Overcoming these problems can be made more difficult because of the large number of cases available. The number of legal cases available via electronic means is constantly increasing (in 2003, US appellate courts handed down approximately 500 new cases per day), meaning that an accurate legal information retrieval system must incorporate methods of both sorting past data and managing new data.

== Techniques ==

===Boolean searches===

Boolean searches, where a user may specify terms such as use of specific words or judgments by a specific court, are the most common type of search available via legal information retrieval systems. They are widely implemented but overcome few of the problems discussed above.

The recall and precision rates of these searches vary depending on the implementation and searches analyzed. One study found a basic boolean search's recall rate to be roughly 20%, and its precision rate to be roughly 79%. Another study implemented a generic search (that is, not designed for legal uses) and found a recall rate of 56% and a precision rate of 72% among legal professionals. Both numbers increased when searches were run by non-legal professionals, to a 68% recall rate and 77% precision rate. This is likely explained because of the use of complex legal terms by the legal professionals.

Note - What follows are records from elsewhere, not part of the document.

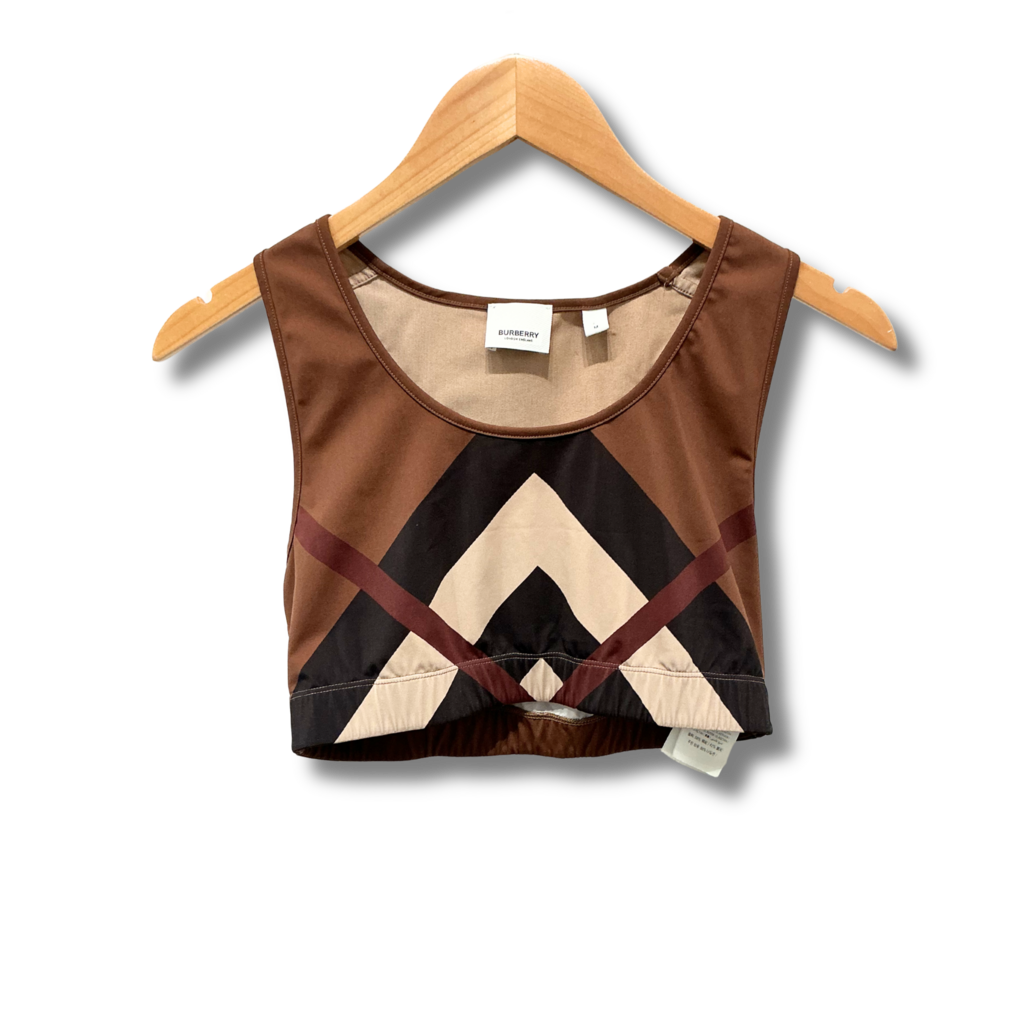 Burberry Immy Chevron Cropped Top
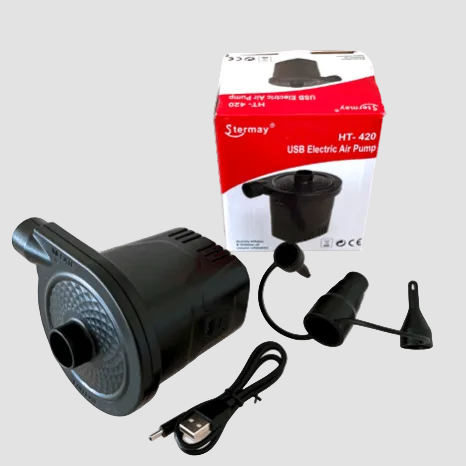 Luftmadras til elbil pumpe som medfølger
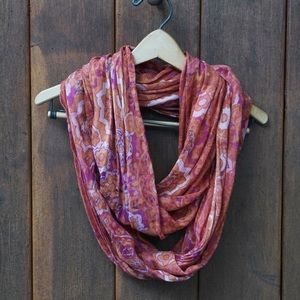 Anthropologie Floral Infinity Scarf - OS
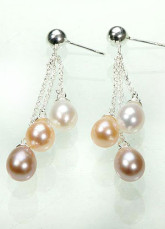 Attractive Argent 925 perle Femmes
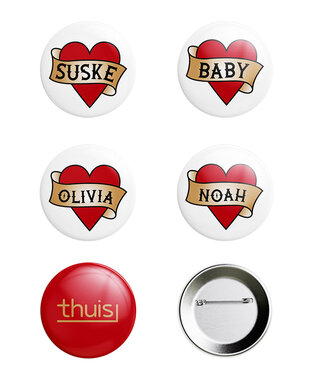 Thuis - Buttonset met personalisatie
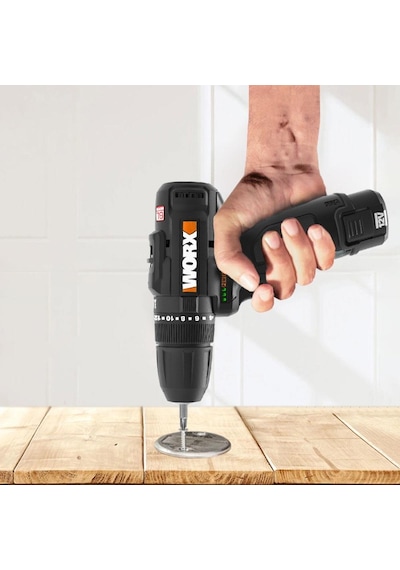 Worx WX121 12 V 2.0 AH Li-ion Çift Akülü Kömürsüz Darbeli Matkap + 5 Parça Aksesuar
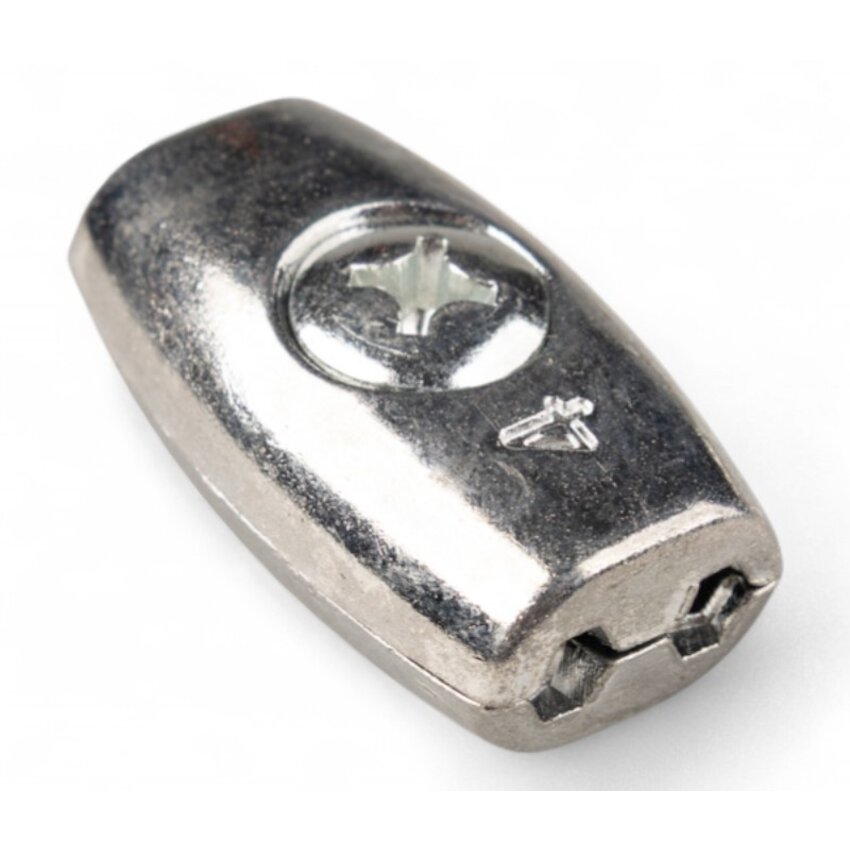 Egg shape wire clamps 4mm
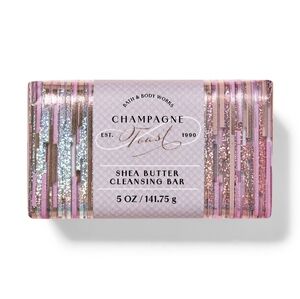 Bath & Body Works Champagne Toast Pink Travel Size New Shea Butter Cleansing Bar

===Manual classification===

In order to overcome the limits of basic boolean searches, information systems have attempted to classify case laws and statutes into more computer friendly structures. Usually, this results in the creation of an ontology to classify the texts, based on the way a legal professional might think about them. These attempt to link texts on the basis of their type, their value, and/or their topic areas. Most major legal search providers now implement some sort of classification search, such as Westlaw's “Natural Language” or LexisNexis' Headnote searches. Additionally, both of these services allow browsing of their classifications, via Westlaw's West Key Numbers or Lexis' Headnotes. Though these two search algorithms are proprietary and secret, it is known that they employ manual classification of text (though this may be computer-assisted).

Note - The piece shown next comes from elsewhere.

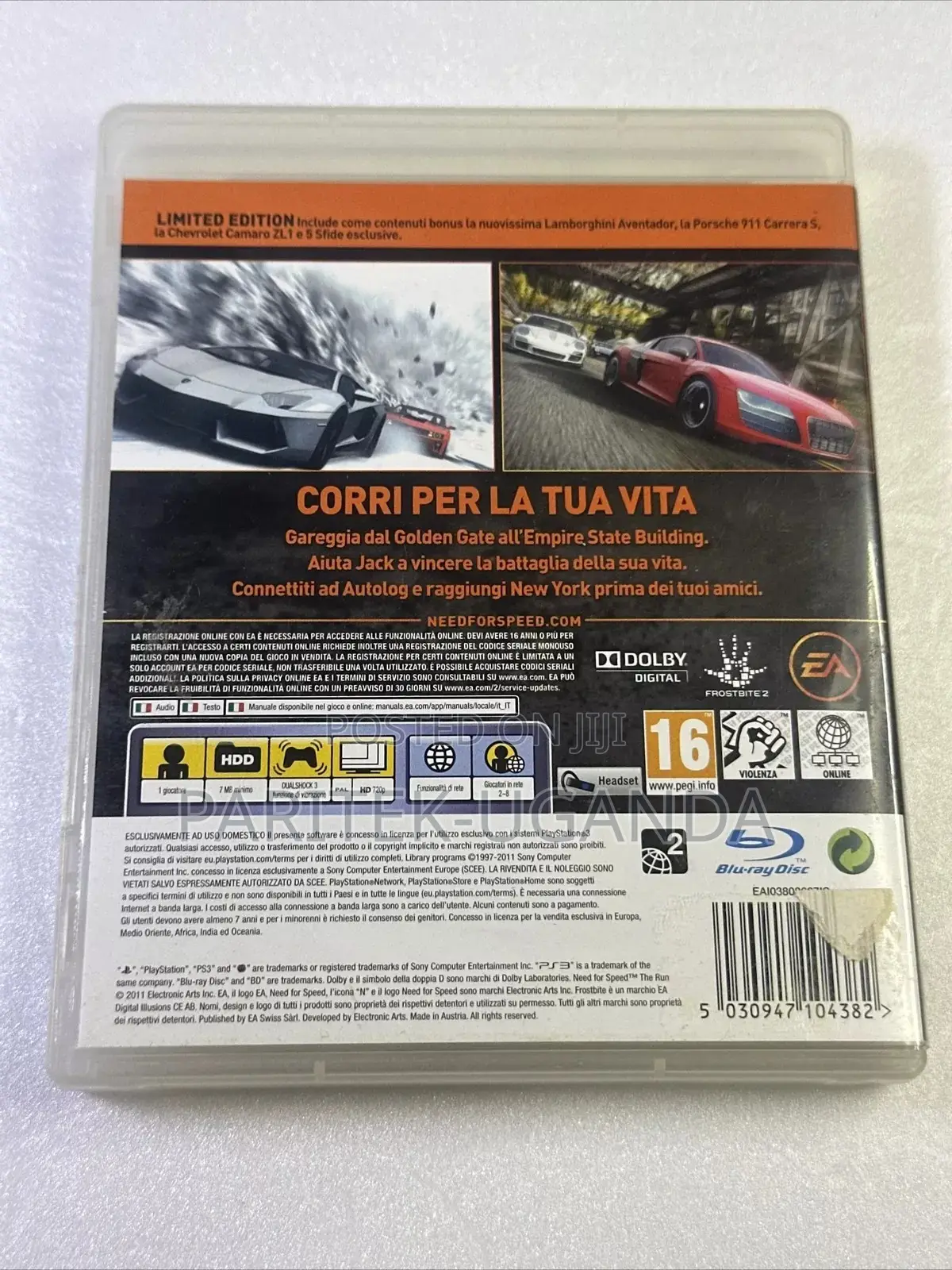 Need for Speed the Run Ps3
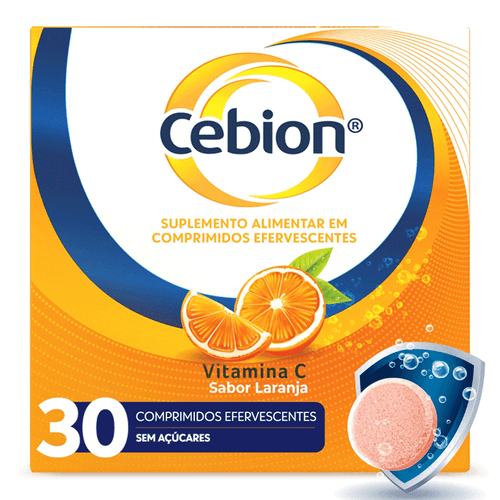Vitamina C Cebion 1G Laranja 30 Comprimidos Efervescentes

These systems can help overcome the majority of problems inherent in legal information retrieval systems, in that manual classification has the greatest chances of identifying landmark cases and understanding the issues that arise in the text. In one study, ontological searching resulted in a precision rate of 82% and a recall rate of 97% among legal professionals. The legal texts included, however, were carefully controlled to just a few areas of law in a specific jurisdiction.

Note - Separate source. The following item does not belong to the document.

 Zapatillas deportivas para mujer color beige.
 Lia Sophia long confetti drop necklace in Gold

The major drawback to this approach is the requirement of using highly skilled legal professionals and large amounts of time to classify texts. As the amount of text available continues to increase, some have stated their belief that manual classification is unsustainable.

===Natural language processing===

In order to reduce the reliance on legal professionals and the amount of time needed, efforts have been made to create a system to automatically classify legal text and queries. Adequate translation of both would allow accurate information retrieval without the high cost of human classification. These automatic systems generally employ Natural Language Processing (NLP) techniques that are adapted to the legal domain, and also require the creation of a legal ontology. Though multiple systems have been postulated, few have reported results. One system, “SMILE,” which attempted to automatically extract classifications from case texts, resulted in an f-measure (which is a calculation of both recall rate and precision) of under 0.3 (compared to perfect f-measure of 1.0). This is probably much lower than an acceptable rate for general usage.

Despite the limited results, many theorists predict that the evolution of such systems will eventually replace manual classification systems.

=== Citation-Based ranking ===

In the mid-90s the Room 5 case law retrieval project used citation mining for summaries and ranked its search results based on citation type and count. This slightly pre-dated the PageRank algorithm at Stanford which was also a citation-based ranking. Ranking of results was based as much on jurisdiction as on number of references.